We can change the colors at the endpoints of the scale by specifying the high
and low
arguments, for example,
p + scale_fill_gradient("Proportion",
high = "white", low = "springgreen4")
## Warning: Removed 7 rows containing missing values (geom_tile).
Use different named colors for high and low arguments to scale_fill_gradient.
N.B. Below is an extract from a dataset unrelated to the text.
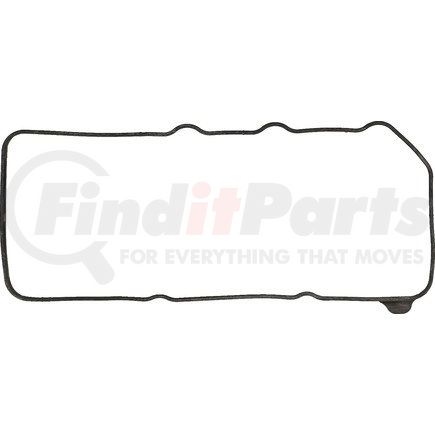 71-53757-00 by VICTOR REINZ GASKETS - Engine Valve Cover Gasket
You can see a list of the named colors with colors()
, or a useful .pdf is at: http://www.stat.columbia.edu/~tzheng/files/Rcolor.pdf
It’s surprisingly hard using scale_fill_gradient to find “nice” color gradients, and there is no guarantee they’ll correspond to any perceptually sound palettes like those you’ve seen in the readings.
# install.packages("colorspace")
library(colorspace)
colorspace has a whole set of named palettes, you can see them all with:
hcl_palettes(plot = TRUE)
Notice they are broken into sections for qualitative, sequential and diverging palettes.
To apply a colorspace palette to a ggplot2 plot, you use the a function that takes the form:
scale_<aesthetic>_<datatype>_<colorscale>()
Where <datatype>
is one of discrete
or continuous
, and <colorscale>
is one of qualitative
, sequential
, or diverging
, and you’ll pass the palette name as the argument.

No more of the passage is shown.